ON PETITION TO TRANSFER
Transfer denied.
PIVARNIK, Justice,dissenting to denial of transfer.
I dissent to the majority's denial of transfer brought by Defendants-Appellees Howard Johnson's Motor Lodge. While I agree that entry of summary judgment by the trial court was inappropriate because of the particular facts of this case, I am disturbed by the holding of the Court of Appeals.
The Legislature has addressed an innkeeper's liability for the property of its guests. Ind. Code Ann. § 32-8-28-2 (Burns Supp.1987). I agree with the Court of Appeals that this statute does not apply in the instant case since the statute is directed to property brought into a hotel or inn. Therefore, the moving van and its contents parked in an outside parking lot are not subject to Ind. Code § 32-8-28-2.
I further agree with the Court of Appeals in its holding that there was no bailment for hire or for mutual benefit created here. No actual or constructive delivery of possession to the motel occurred since the Plants retained the keys and the parking lot was open. Plant v. Howard Johnson's Motor Lodge (1986), Ind.App., 500 N.E.2d 1271, 1273.
It is also elementary that our tort law imposes liability for the failure to use ordinary care where there is a duty to do so. Whether such a duty exists is a question of law that arises from some relationship between the parties. Neal v. Homebuilders, Inc. (1953), 232 Ind. 160, 111 N.E.2d 280, reh. denied 282 Ind. 160, 111 N.E.2d 713.
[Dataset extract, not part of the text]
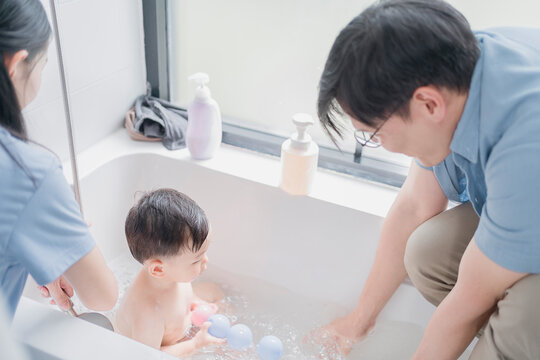 Asian parents bathing toddler boy in a bathtub, playing with colorful balls. Family hygiene care, bonding time, and daily parenting routine in bright, clean bathroom environment. - Powered by Adobe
Here, however, the Court of Appeals imposed a specific duty on innkeepers to their patrons, stating:
It seems equally beyond dispute in modern society with its love of and dependence upon travel by motor vehicle that available parking for such vehicles is an integral and essential ingredient to establishing the relationship. From this we may unhesitatingly conclude that such an innkeeper has incurred the duty to exercise ordinary care to prevent loss or damage to the vehicles of its guests.
Plant, 500 N.E.2d at 1274. No authority is cited for this holding and my research develops none to support it. I fear this holding will cause confusion among the trial lawyers and trial judges who attempt to interpret and apply it.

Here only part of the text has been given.